Le Monde des livres, 28 juin 2024, par Xavier Houssin
En des contrées inexplorées
Dans une tendre chronique intime, Francesca Pollock raconte son beau-fils lourdement handicapé.
Le Carnaval d’Arlequin est un tableau de Joan Miro du milieu des années 1920. Le peintre catalan y dynamite la scène de genre, éparpillant aux quatre coins de drôles de visages, des bestioles, des formes, des objets. Façon d’exprimer l’inquiétante étrangeté du monde. Mais, au-delà, ce qui emporte, c’est aussi la couleur, les couleurs. Elles rythment la toile, l’accentuent, la relèvent, donnant, dans leur mouvement, une sorte de reflet pris dans le miroir du titre. Comme si le personnage de la commedia dell’arte avait furtivement traversé la composition, abandonnant partout les pièces de son costume bariolé.
Ferdinand des possibles raconte les aventures d’une sorte d’Arlequin. On y parle d’étrangeté et de couleurs, mais aussi d’esquisses et de signes, de bienveillance et d’amour. Francesca Pollock y trace, ligne à ligne, en pleins et déliés, et depuis l’enfance, le portrait de son beau-fils, découvert grand adolescent, jeune adulte, au moment où elle rencontrait son père (« l’homme dont je me suis éprise »).

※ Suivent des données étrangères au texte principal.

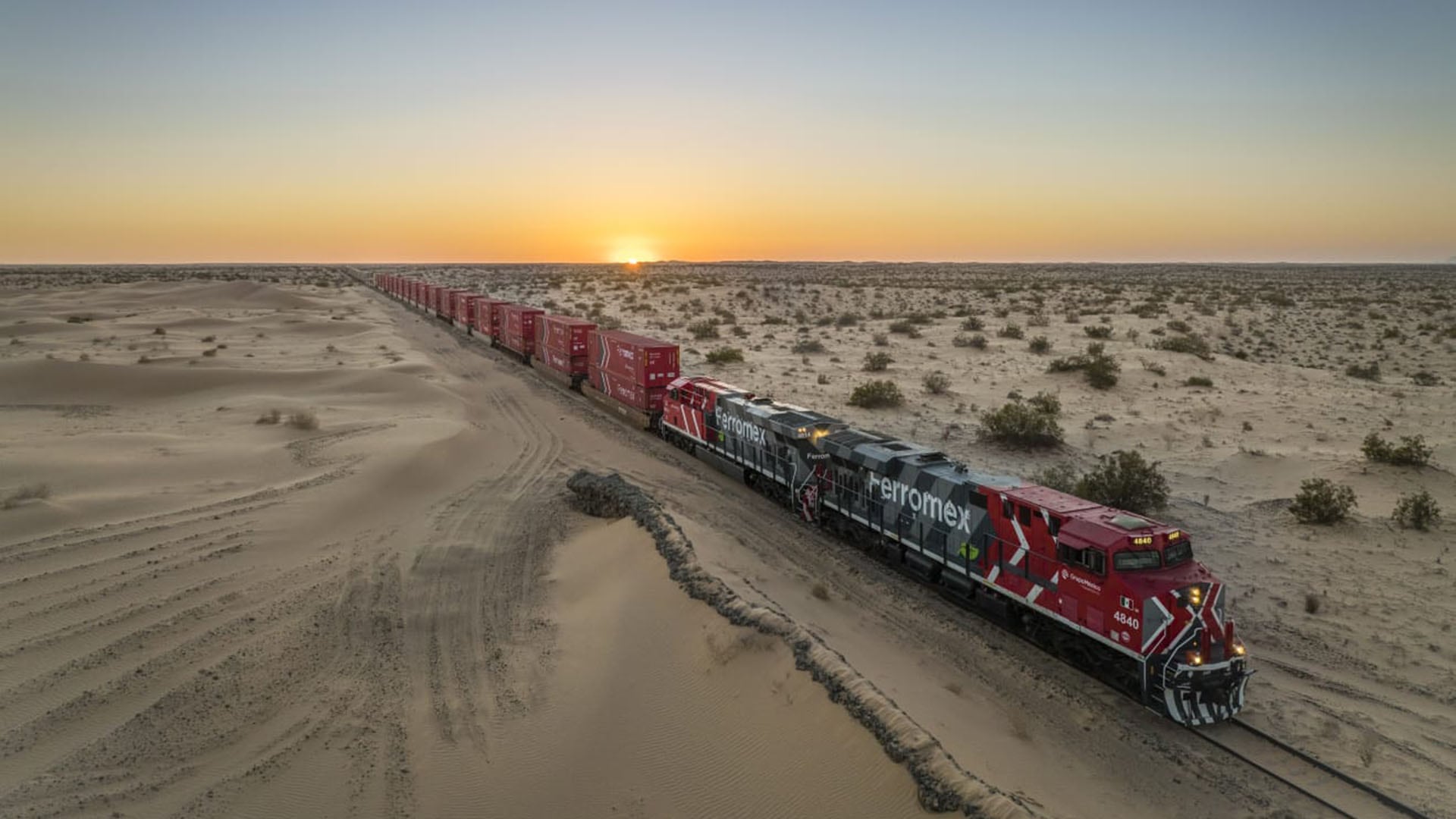 Los trenes de Ferromex transportan entre 12.000 y 15.000 toneladas, lo que implica que llevan hasta 150 vagones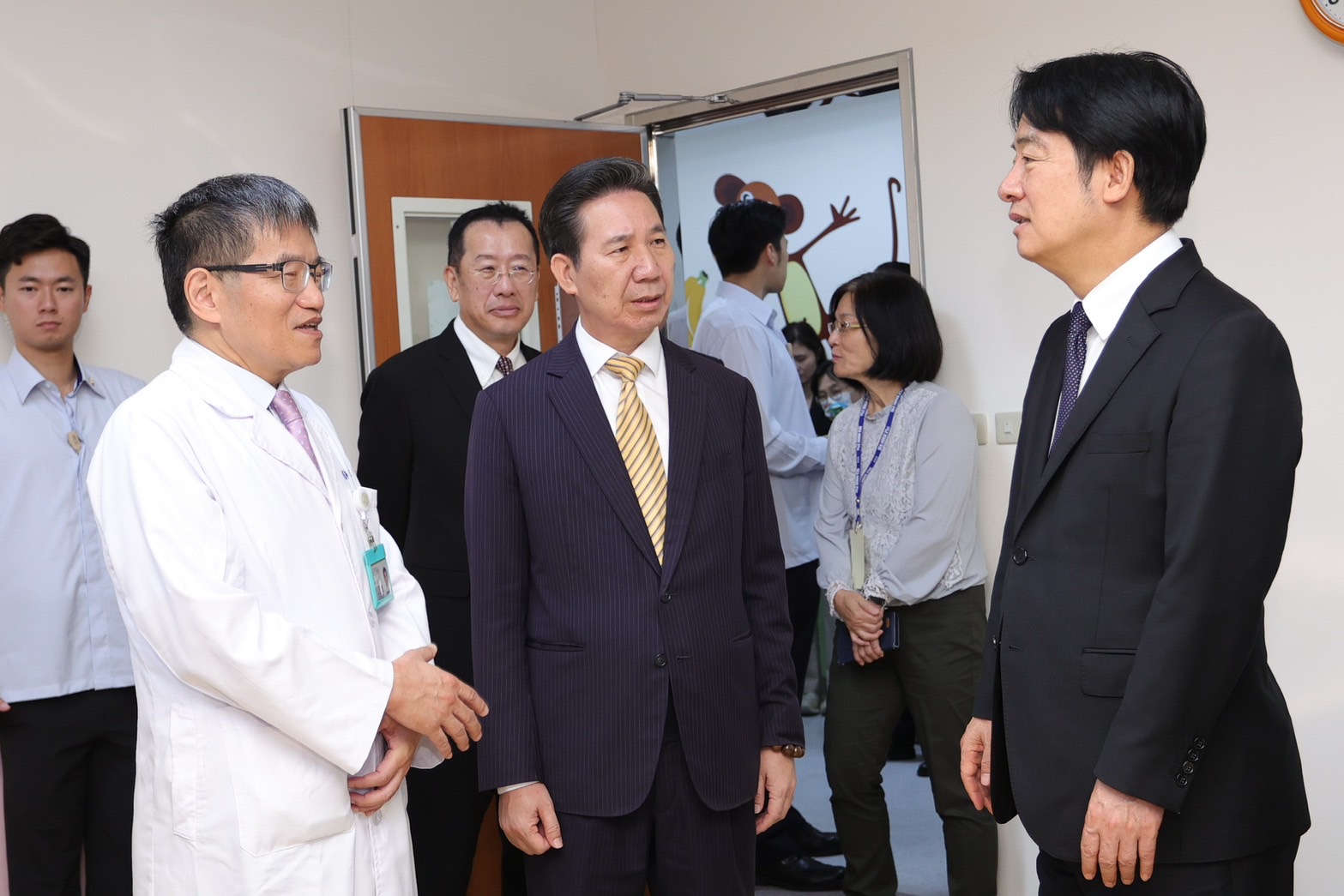 視察金門醫院　賴清德：政府重視偏鄉醫療　盼共同努力讓金門鄉親得到好的醫療照顧　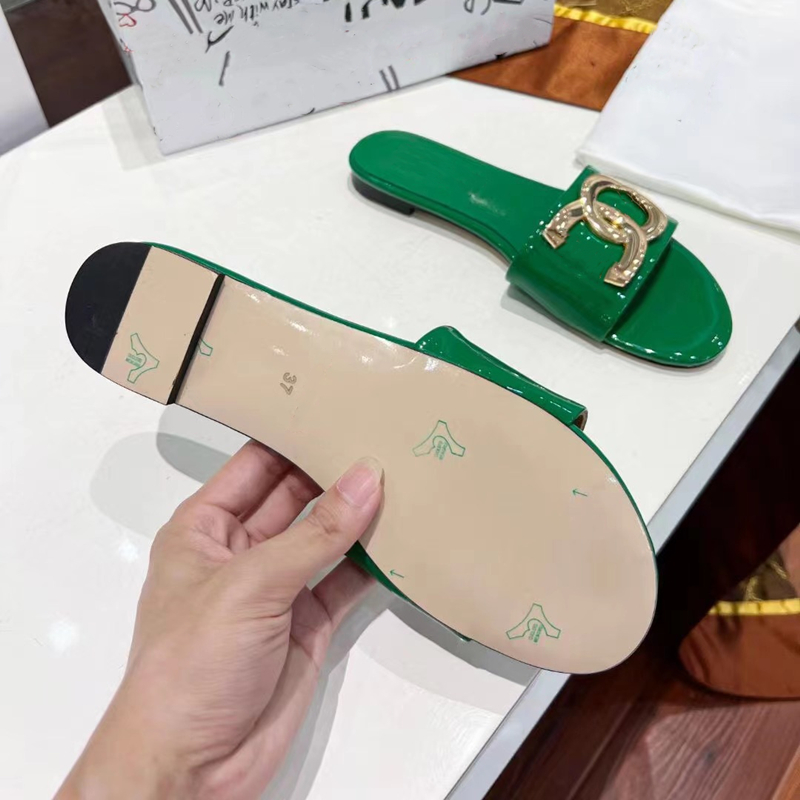 Luxury Designer Ladies Slippers Fashion Rhinestone Buckle Flat Heel Leather Sandals Casual Vacation Beach Flip-Flops With Box 35-42, Shoe box
Luxury Designer Ladies Slippers Fashion Rhinestone Buckle Flat Heel Leather Sandals Casual Vacation Beach Flip-Flops With Box 35-42, Shoe box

Sans mots, sans sons, sans forces
Ferdinand, trente-deux ans aujourd’hui, est « différent ». Il est atteint du syndrome CHARGE, une maladie génétique rare qui rassemble une lourde palette de malformations et de déficits neurosensoriels. Sourd, muet, malade si souvent, perdant l’équilibre, il a grandi sans mots, sans sons, sans forces. Pour un peu, cela aurait été sans images aussi. Car, s’il voit très mal, il voit tout de même. Les médecins ne lui donnaient que quelques jours à vivre, mais c’est sa mère qui meurt, quand il a deux ans, d’un cancer détecté à sa naissance. Comment ne pas croire au mauvais sort, aux mauvaises fées des contes ?
Le livre de Francesca Pollock est une histoire de traverse, d’autre voie, d’autre chemin. De sentiers cachés, de franchissements de frontières. Avec Ferdinand, on réapprend à marcher, pas à pas. On avance dans des contrées inexplorées. Agrippé comme on peut au fil enchevêtré de pensées sans mots. Sans vrais mots. Au centre spécialisé qu’il fréquentait, chacun n’était pas loin de croire qu’il n’apprendrait rien, mais il y avait happé des bribes de la langue des signes, et, un jour, devant une boîte de crayons, il s’est mis à « signer » les couleurs. « A noir, E blanc, I rouge, U vert, O bleu ». Petit Rimbaud sans parole. Le nuancier se dépliait enfin. Le silence était devenu vivant et polychrome.
« Il y a quelqu’un là-dedans », a toujours dit son père. C’est lui qui l’a porté à la hanche jusqu’à l’âge de cinq ans. Lui qui l’a accompagné sans cesse. Le récit le place en permanent filigrane. L’un ne va pas sans l’autre. Ferdinand aime passionnément les réfrigérateurs, les gares, les drapeaux, les voyages. Il marque son contentement, son immédiat bonheur plutôt, en se livrant à des « danses de la joie », ces vives saccades où il ressemble, tapant des pieds, agitant les bras, à un oiseau battant des ailes à l’envol.
« Tu te tiens à l’orée du monde. » Un grand élan de tendresse et de reconnaissance embarque cette chronique intime qui ne cache pourtant rien des détresses, des inquiétudes, des révoltes. Mais Francesca Pollock la tient comme un cahier d’exercices de courage et d’émerveillements. Une leçon, si l’on veut. Et les jours se déclinent au présent dans une succession d’aurores. Les couleurs neuves du temps. Et celles du manteau d’un Arlequin déroutant, charmant.